In the postscript in this novel, Jean Echenoz states that he wants to destabilise the novel from within. He certainly has a talent for destabilising the reader. This novel is the story of two men who once loved the same women. However, they never realise this fact until the last. They have various adventures across the globe, one ending up in Malaysia and the other on the streets of Paris. Of the woman, Nicole, we now little and somehow towards the end of the novel, both this character and the reader all get dragged into a gangster film and action flick all in one. It certainly is very disconcerting, and not exactly enjoyable.

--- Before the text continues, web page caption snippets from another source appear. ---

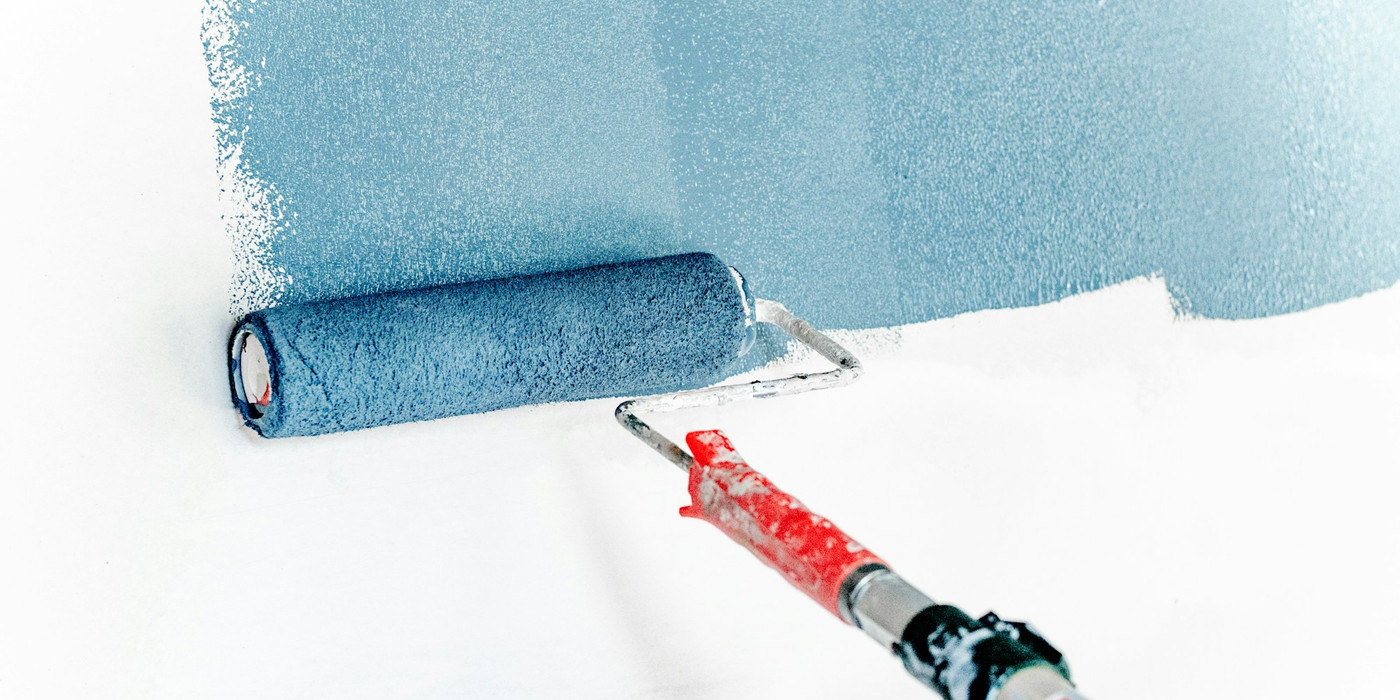 A paint roller applying blue paint over a white interior wall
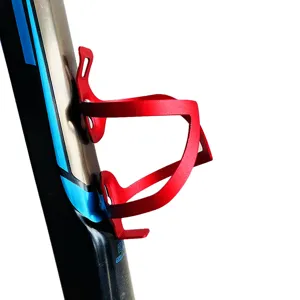 Red aluminum alloy bicycle water bottle cage, lightweight mountain and road bike cup holder.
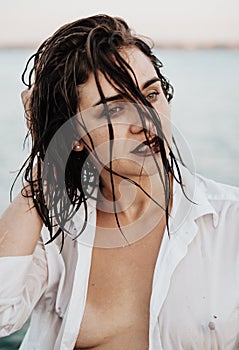 Close up portrait of sensual young woman with sand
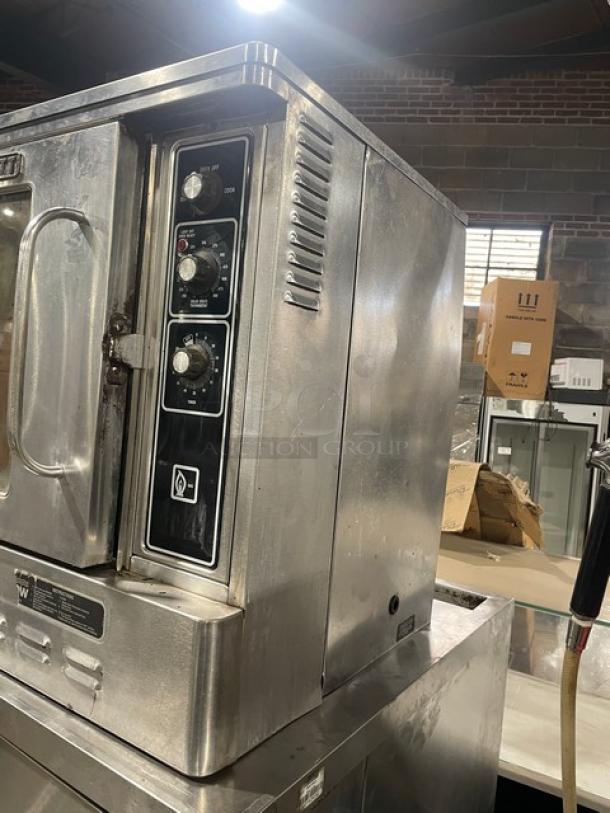 Blodgett stainless steel natural gas convection oven, single door, half size, with wired oven rack, control panel visible.
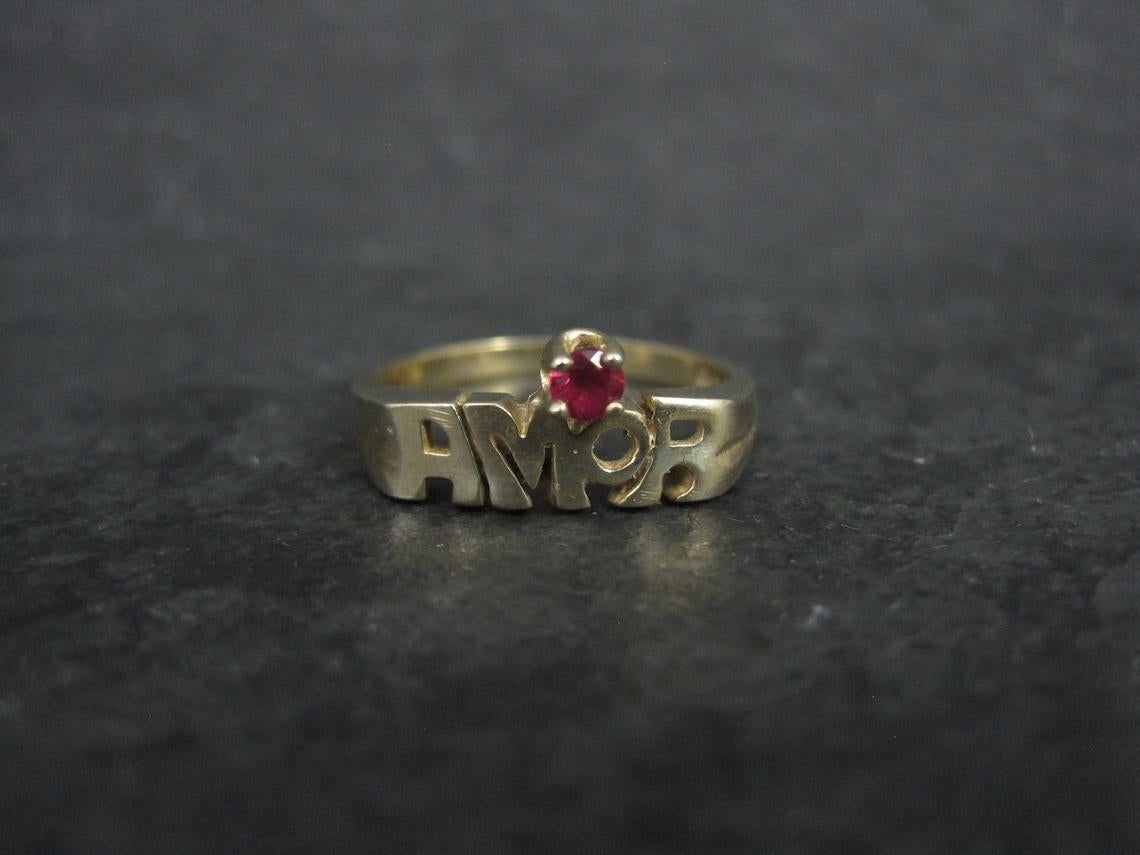 This beautiful vintage ring is 14k yellow gold.
It features the Spanish word for Love, AMOR and a stunning little 3mm pink ruby gemstone.

The face of this ring measures 5/16 of an inch north to south.
Size: 6 1/2
Marks: PC, 10K

Condition:
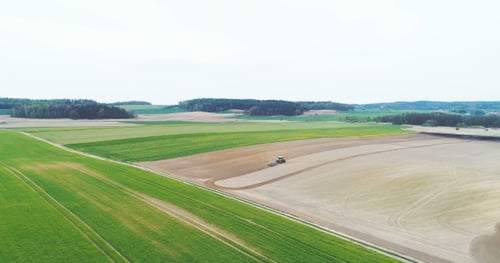 Tractor Working in Rural Farm Field Aerial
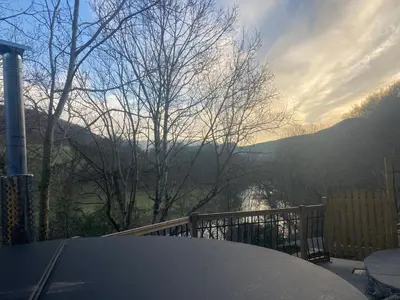 a table on a balcony with a view of a valley at Avondale in Llangollen
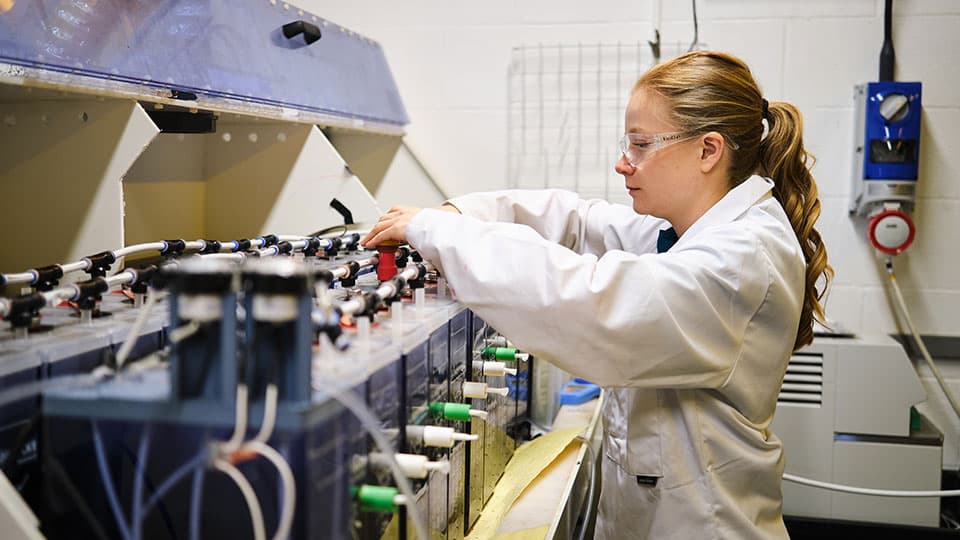 A woman in a lab coat and lab goggles positioning tubes on bottles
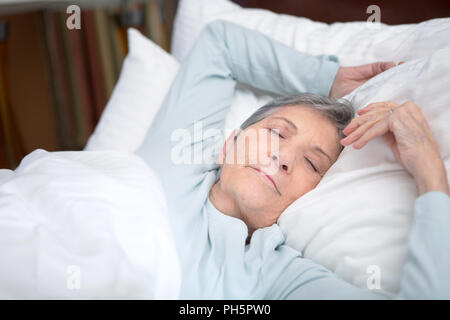 Femme âgée de passer une bonne nuit de sommeil. Banque D'Images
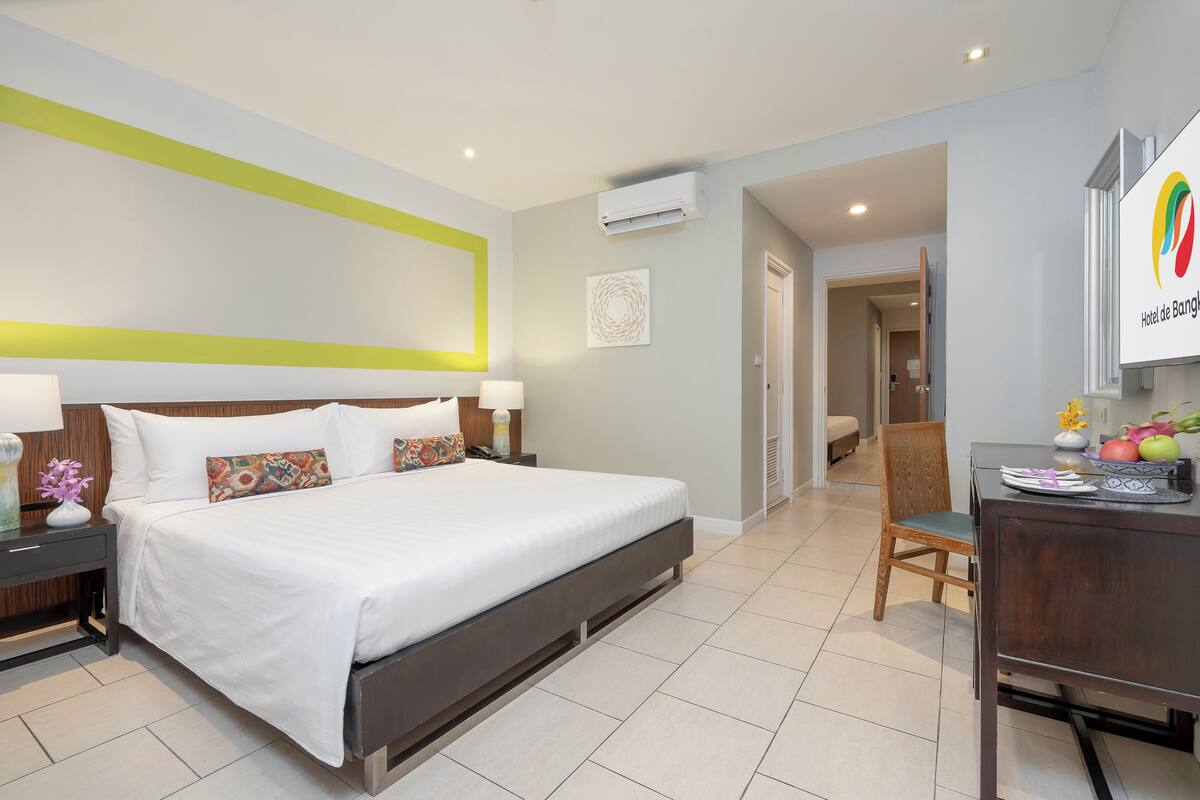 Une chambre d’hôtel avec un grand lit, des tables de chevet, un bureau avec des fruits et une vue sur le couloir.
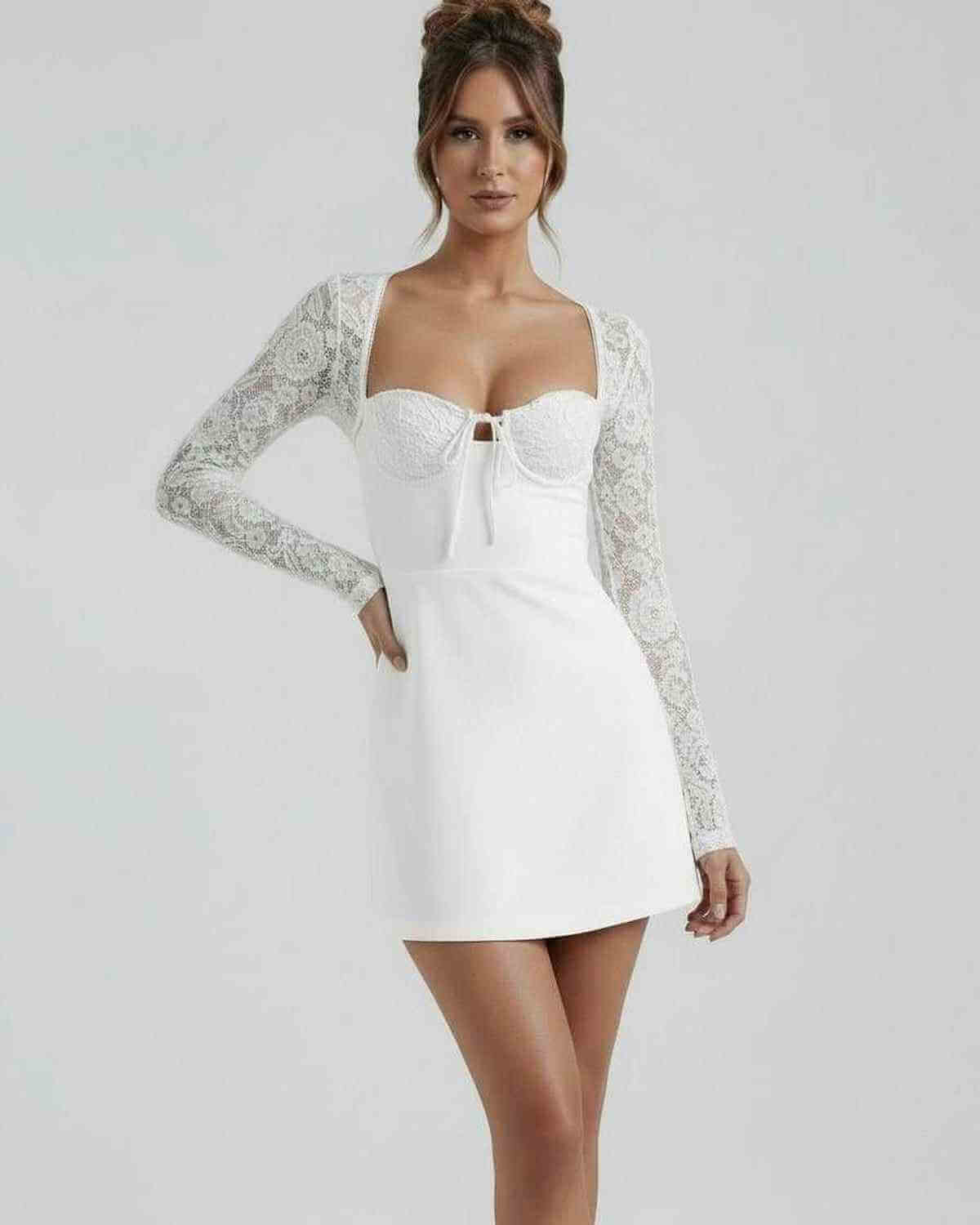 Ivory Lace Dress by Lauven, elegant white lace sleeve mini dress with fitted shape and floral lace detailing.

Yet this novel way of story telling owes more to the script writing of cinema. In fact Echenoz, when commenting this book, was quoted as saying:
“De la même façon que sur le plan de la mise en scène des récits, je me sers de la rhétorique cinématographique. Je fais appel instinctivement à des repères de l’ordre des outils poétiques, de la césure, de la syncope. Je pars d’un manuel de rhétorique ou de métrique pour importer telle ou telle figure.”
As the reader slowly tackles this difficult novel, the pace quickens and the style changes. As if the book was alive and dragging us through two, and sometimes three different stories. Echenoz sees the novel as an engine to automatically generate stories. Sometimes these motors become infernal machines over which even the author has no-control.